イントロダクションには上記の文字。あー、これまた、「若い女は正義、年取った女は悪い魔女」ってアレですか…とそっ閉じしかけました。しかし、以下の文章を読んでかなり興味を持ってしまいました(強調うさじま)。
ヒロインの吉井英美里は、意欲、能力、向上心にあふれる上、若さと美貌をあわせ持った、一見すると幸せのパスポートを手にしたも同然の存在。しかし、“女性活用”は口先だけの旧体質な総務部に配属されたことで、彼女の持つものすべてがハラスメントの対象となってしまいます。
会社が英美里に求めるのは若さと美しさだけ。しっかり働きゆくゆくは役員になりたいという英美里の夢は、あっさり打ち砕かれます。一方で、ただ笑顔を見せるだけで頼みもしないのに男性社員からチヤホヤされる英美里は、あっという間に年上の女性社員の嫉妬の対象となってしまうのです。
若いから、きれいだから、それだけで煮え湯を飲まされることになった英美里。耐え忍ぶ日々にもついに限界のときが訪れます。堪忍袋の緒が切れた英美里が旧態依然とした会社に反旗を翻したとき、その先に待っているものとは…。
武井演じる痛快な反逆のヒロインにご期待ください!
原作『エイジハラスメント』は、日本の企業にはびこる嫉妬と焦りにまみれた年齢差別の現状を、30代女性のもがき苦しむ姿を通して描いた話題作。今作では、武井という瑞々しいヒロインを得て、原作の鮮烈なエッセンスはそのままに、視点を若く美しい新入社員へと置き換え、新しいドラマ作品として送り出します。
注目は、一流の大人を繕う男女の愚かしい本音を、手加減のなくあぶりだす内館のシナリオさばき。年齢で女性の価値をはかる…そんな下劣な行為は、内館牧子が許しません!
この文章、なかなかに座りが悪くないでしょうか。
- 「年齢差別の現状を描く」のに、なぜか原作の30代女性を「若く美しい新入社員」に変更している。皮肉?
- 「年齢差別」が「嫉妬と焦りにまみれ」…それって、差別されている高齢女性側の描写?
- 武井咲の真の「敵」は会社(の年齢差別&性差別)のはずだけど、「年上の女性社員」と共闘できるようには思えない書き方。

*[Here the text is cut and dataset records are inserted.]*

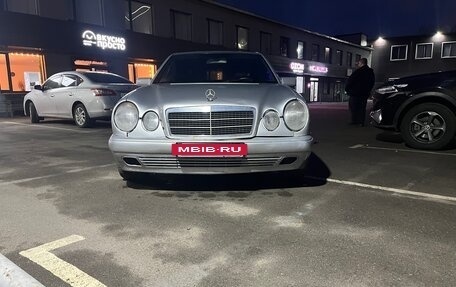 Mercedes-Benz E-Класс, 1998 год, 300 000 рублей, 2 фотография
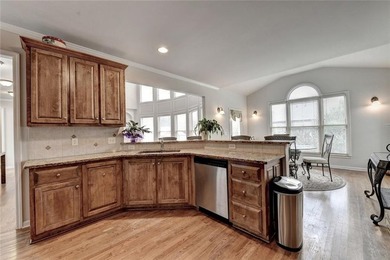 Welcome to this beautifully designed 5-bedroom, 4-bathroom home - photo 29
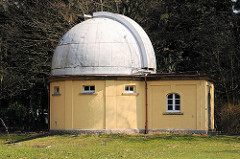 Das Äquatorial auf dem Gelände der Hamburger Sternwarte in Bergedorf.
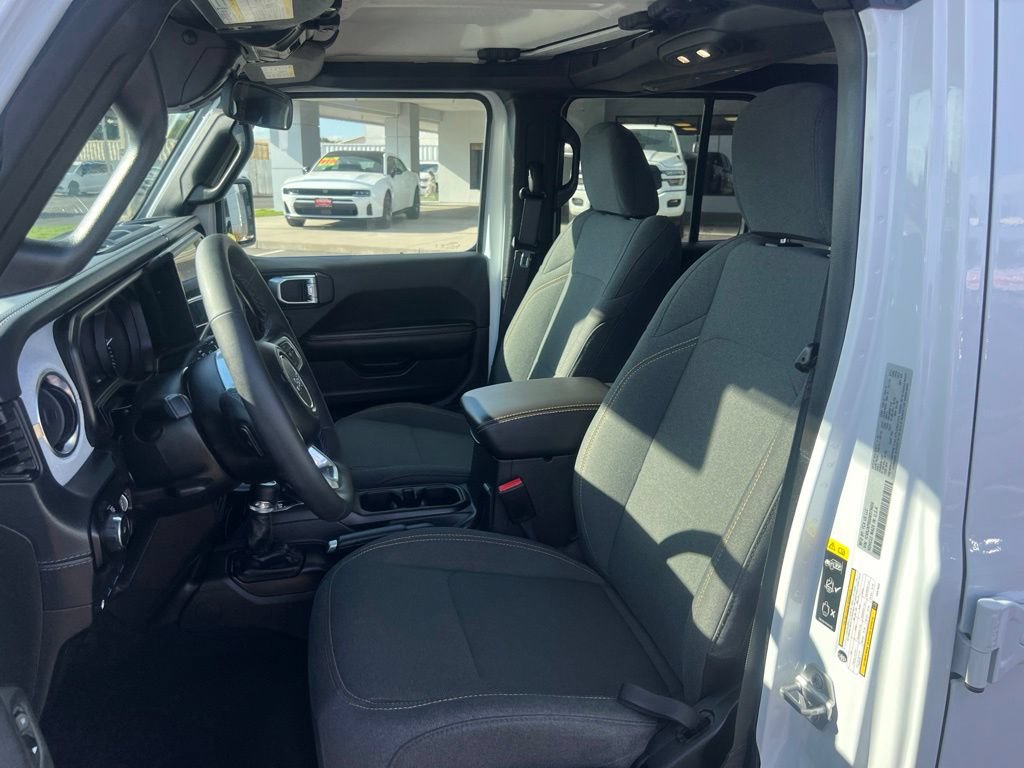 Used 2025 Jeep Wrangler Unlimited Sahara AWD/4WD image 17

- でも、着地点は「年齢で女性の価値をはかる…そんな下劣な行為は、内館牧子が許しません!」
…なにがやりたいのか、今ひとつ見えてこないのです。
でも、いきなりドラマを見る「勇気」はありませんでした。不快になるかもしれないと思いながらわざわざ見てやっぱり不快になったらイヤですから。で、第一話終了後、Twitterの感想を見てみると、やはり「武井咲が職場の年上の女性たち(稲森いずみなど)にいじめられ、最後にブチ切れたのが爽快だった」という話、らしい。うーむ。
原作小説を読んでみる
モヤモヤが止まらないので、原作小説を読んでみることにしました。内館牧子作品(小説)を読むのは初めてです。
原作の主人公は、34歳の女性、大沢蜜。蜜は、医科大学看護学部在学中、現在の夫直哉と出会い、21歳で大学を中退して、結婚。夫は企業研究者で、「誠実で頑固で熱血漢」。2つ年上で、結婚以来ずっと蜜を「守って」くれている。六歳の娘が一人。蜜は、在学中に結婚を決意した時、「大学を中退してまで恋を貫くことへの陶酔」の他に、「深い知識が必要であり、かつ、大きな責任が伴う」「重労働で、頭脳と肉体の両方を酷使する」看護師として働く自身をなくしていたことを一つの大きな理由として挙げていまます。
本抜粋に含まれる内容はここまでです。